福岡・天神に14年ぶり、よしもとの常設劇場が復活 福岡の笑いを変えるのか?
九州の芸人による「九州新喜劇」も旗揚げ
よしもとの常設劇場の開設よりいち早く福岡の笑いを盛り上げたのが、今年2月、吉本新喜劇の九州版「九州新喜劇」の旗揚げ公演だ。吉本新喜劇メンバーとしても活躍した寿一実を座長に、コンバット満やケン坊田中、安井まさじ、サカイスト、レモンティーらで構成。ネタゲストには博多華丸・大吉やパンクブーブーらが華を添え、完売御礼の大盛況で幕を下ろした。

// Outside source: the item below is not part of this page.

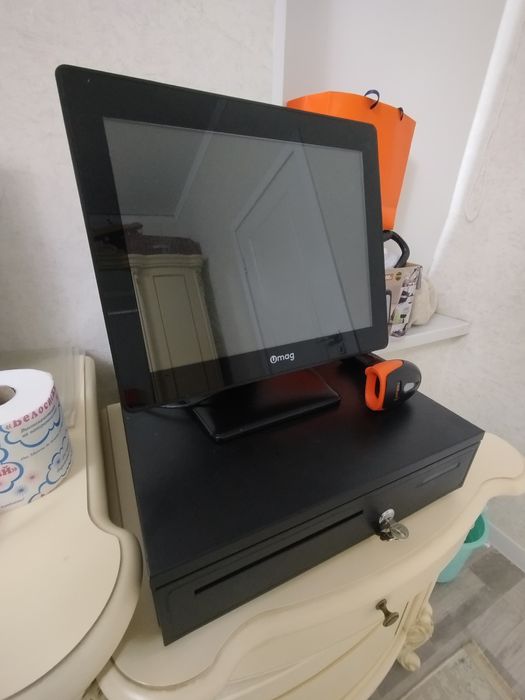 Umag кассовый аппарат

8月26日に行われた夏公演では、マドンナオーディションで選ばれた新メンバーも集結。パンクブーブーの佐藤哲夫が脚本を手掛け、テンポの良い芝居で会場を沸かせた。 「九州を中心に盛り上げたい」と寿座長。「もっと九州らしさを出して、今後は九州各県で公演を成功されるため、手探り状態ながらも頑張りたい」と意気込む。
コンテンツは出揃った 次は人材育成へ
常設劇場の復活、九州新喜劇の旗揚げ。福岡の笑いのコンテンツが出揃った今、それを担う人材の育成にも着手している。 4月にはお笑い芸人やタレントの養成所「吉本総合芸能学院(通称:NSC)」の福岡校が開校した。学生や会社員、弁護士、介護士、農家など、さまざまな職業の10代から50代が入学し、現在32人が1期生として在籍している。 大阪校や東京校と違い、授業を行うのは土日祝日のみ。 「仕事をしながらでも通える、少しでもお笑いに興味のある才能ある人を応援したい。たくさんの人と出会えたら」(泉さん)と間口を広げ、気軽に通える環境にこだわった。

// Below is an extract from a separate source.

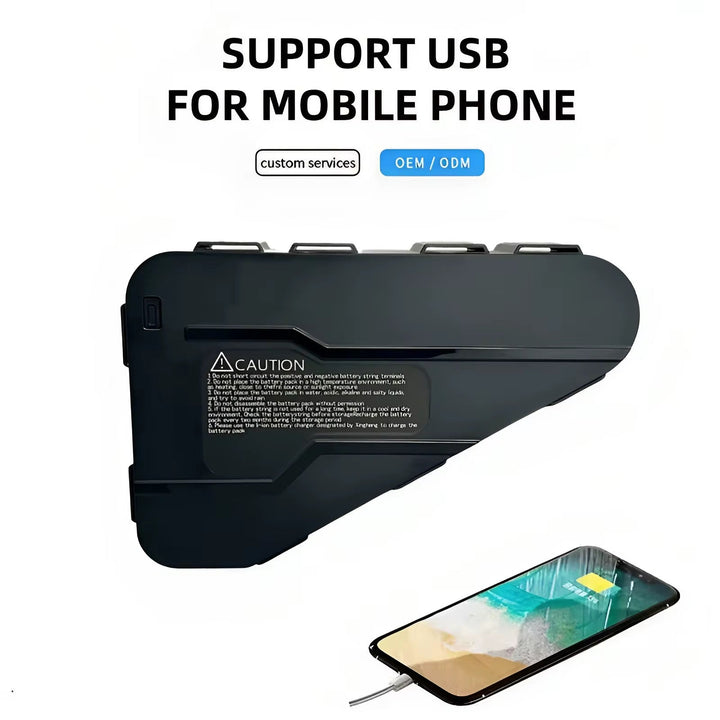 UK Stock 52v 2000w Ebike kit Battery The Ebike Shop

講師は構成作家や第一線で活躍する芸人らが務める。取材に訪れた日は、吉本新喜劇の川畑泰史座長による授業が行われていた。 「おい、ここが今日、俺らが借金を取り立てる喫茶店や!」 「へい!」 派手なスーツに身を包んだ借金取りが登場する、新喜劇ではお馴染みの場面。4~5人のグループに分けられた生徒が独自のボケを盛り込んだ1シーンを実践し、川畑座長が直接指導をしていく。 「重ならないように立ち位置に気を付けて」「このボケを生かすにはもっとフリを作っとかな」 温厚なトーンの会話ながらも的確なアドバイスが飛ぶ。 授業を終えた川畑座長に話を聞くと、「バンドマンの夢破れてサラリーマンだった頃、ダウンタウンの番組を見てピンときたんです。それから吉本に電話したら今ちょうど養成所が募集していると。すぐに履歴書を送りました」と自身の“当時”を振り返ってくれた。 「福岡の芸人と言えば、同期の華大が舞台袖で先輩芸人の芸を少しでも吸収したろうとすごい集中力を見せていたのを思い出します。劇場もできてNSCもできて、今から福岡は楽しみですね」と期待を寄せる。 緊張しているのか、まだまだ声が小さい生徒も多かったが、終了後、生徒に声を掛けると夢を語る目はキラキラしていた。 「小さい頃から新喜劇が大好きで。すぐ近くで座長直々に流れの作り方や立ち位置の話を聞けて貴重な時間でした」と福岡校1期生のカリブカイ・佐藤桃子さん。大学を辞めてNSCに入ったという、ぽんこつラーメンの田島優弘(ゆうせい)さんは「華大さんが目標。福岡で知名度を上げて九州を盛り上げたい。福岡でもお笑いがやれるんだというのをアピールしたい」と話す。